Truth: Child support payments may not be enough to cover all of a child's expenses. 

Child support payments are made in order for parents to better cover all of the costs of raising a child even if they aren't together anymore. One myth is that if a parent receives child support payments, those payments will cover everything that the child needs. The truth is that raising a child is expensive, and the cost of their basic needs will not be their only expenses. Things like toys and games, camp fees, music lessons, and sports teams all cost money that might go over the amount allotted by the child support payments. Both parents should participate in maintaining their child's finances, so this means that the parent receiving child support payments is likely to contribute some of their own money to cover certain costs beyond what the payments cover.

Truth: There are different ways that parents can send and receive child support payments. 

It is a myth to think that there is only one way to make child support payments.
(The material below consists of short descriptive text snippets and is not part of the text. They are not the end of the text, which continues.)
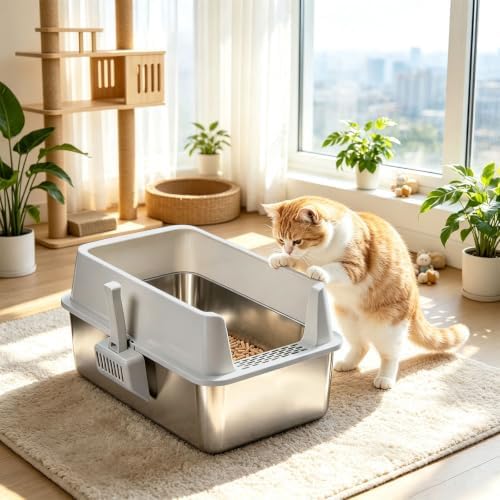 Stainless Steel Sifting Litter Box, XL Litter Boxes - Image 6
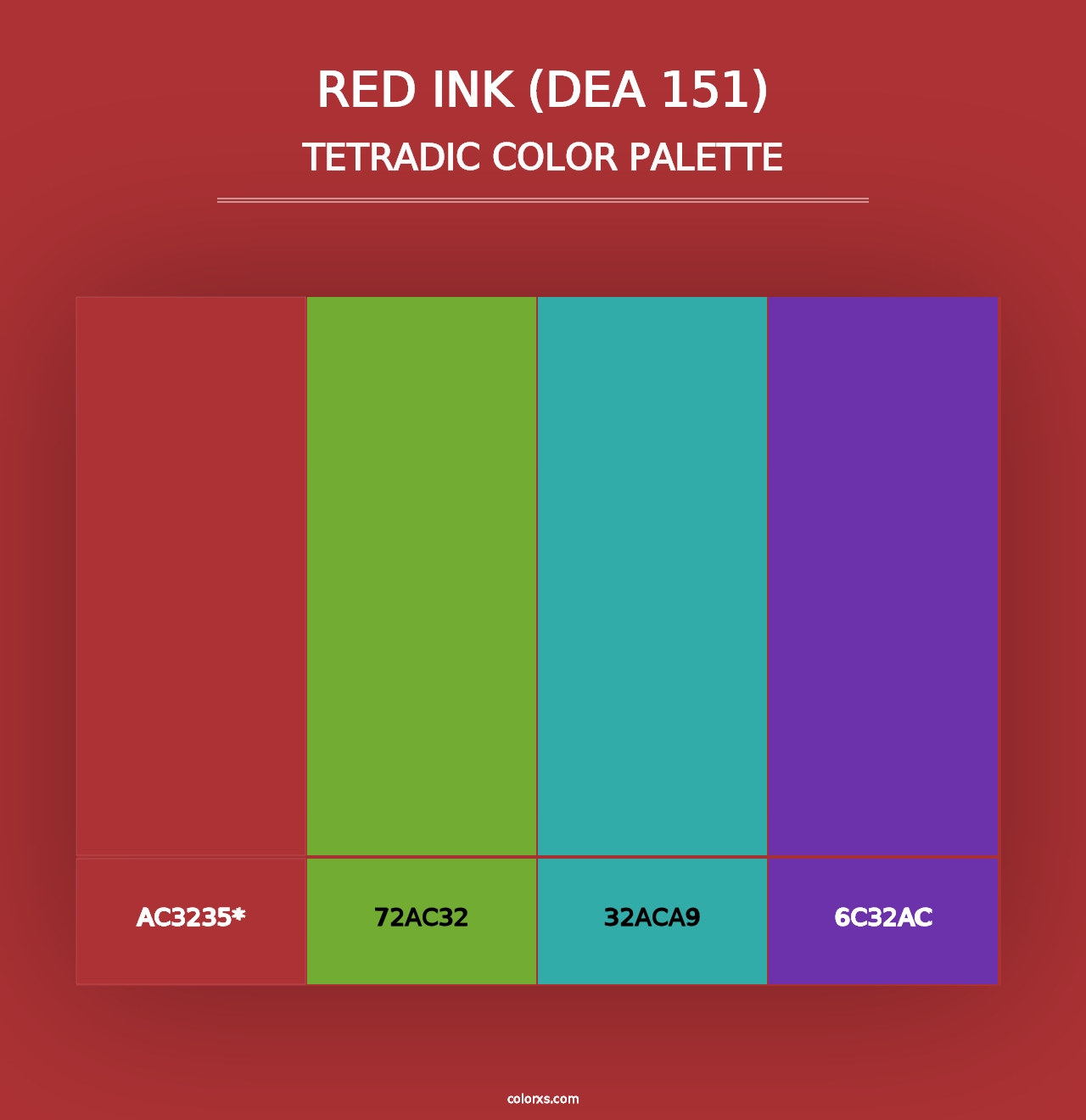 Red Ink (DEA 151) - Tetradic Color Palette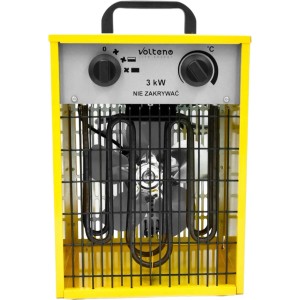 Żółty grzejnik elektryczny z wentylatorem i uchwytem, moc 3 kW.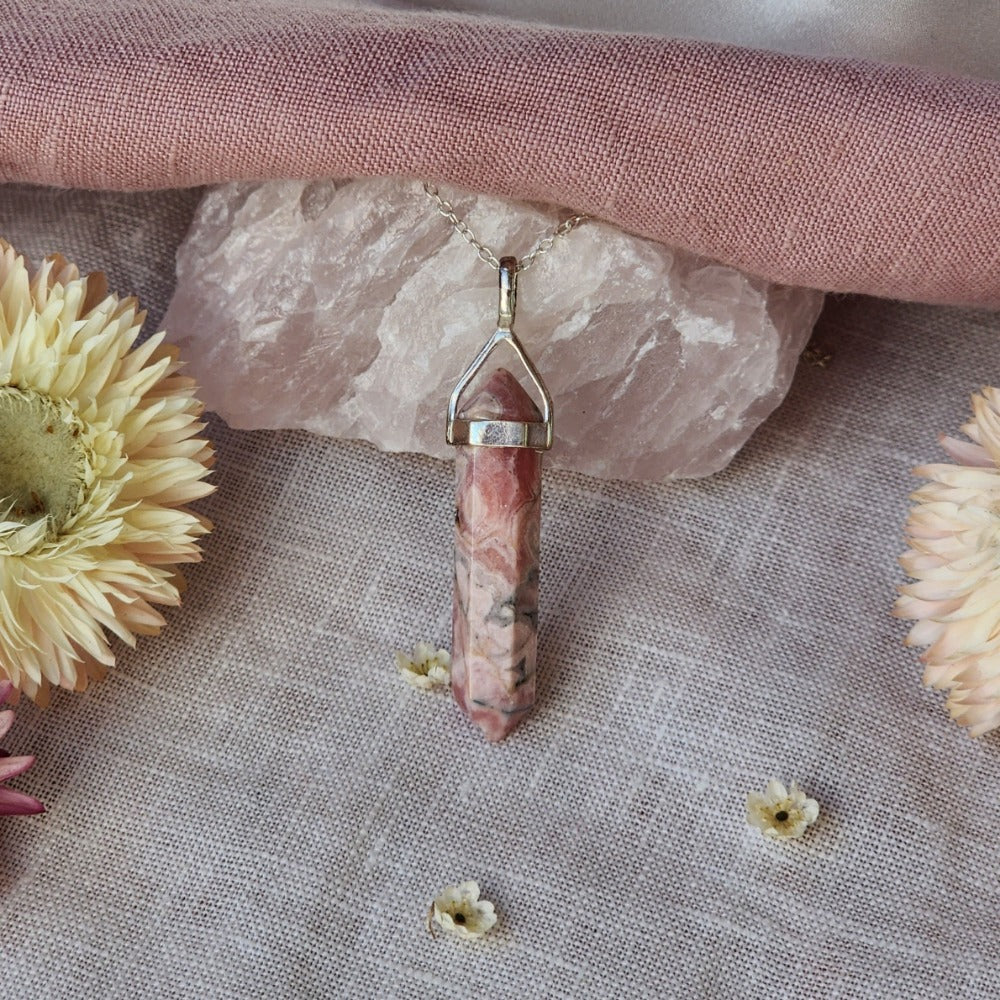 Rhodochrosite Crystal Necklace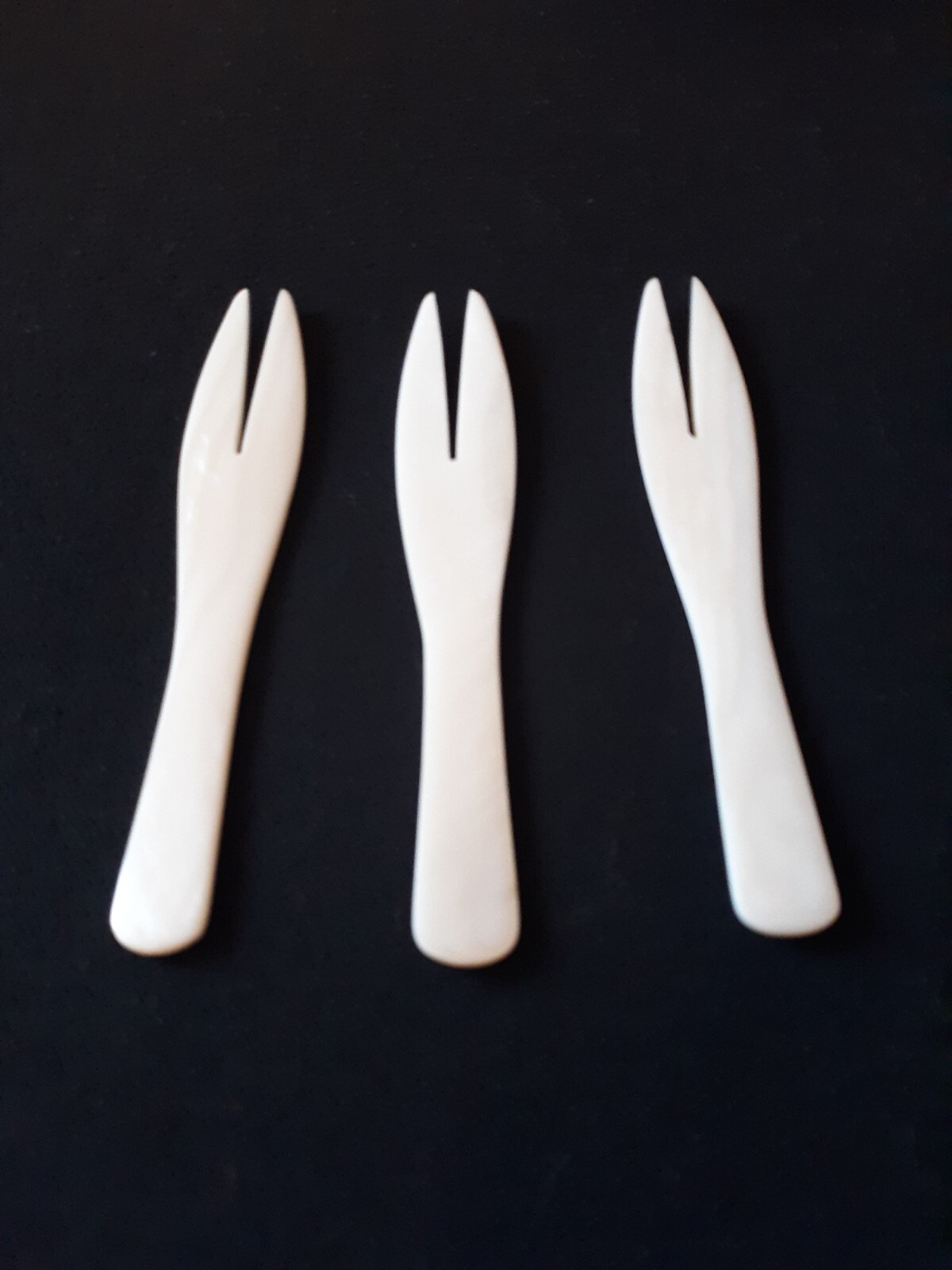 Three (3) Seashell Mother of Pearl Olive / Appetizer Forks - Great Condition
While it is true that the court may tell you which way you must make payments, there are in fact several ways that payment can be sent and received between parents. Some people make child support payments through a state organization that passes along the money to the receiving parent. Other people make secure online transfers using tools like those available on the OurFamilyWizard® website. OFW® provides parents with an expense log where they can record expenses, request reimbursements, and send funds to each other directly through the website. Using OFWpay, one parent can set up regular monthly payments for a fixed amount to be transferred directly into the bank account of the other parent while having every step of the transfer thoroughly documented. Parents do not share banking information; instead, they each sign up for OFWpay and can begin making secure transfers to each other without having to send the money through an outside organization. OFWpay is a simple way for parents to not only make payments but create accurate, easy-to-read documentation of payments as they are made and received. 

Child support is an important topic to understand for many divorced or separated parents. Whether you are the one making or receiving funds, having the right knowledge at your disposal can help you to make smarter decisions about how to handle these payments. If you come across a topic related to child support that you are unsure about, speak to your attorney or contact your local family court for assistance in getting the right answers to your specific questions.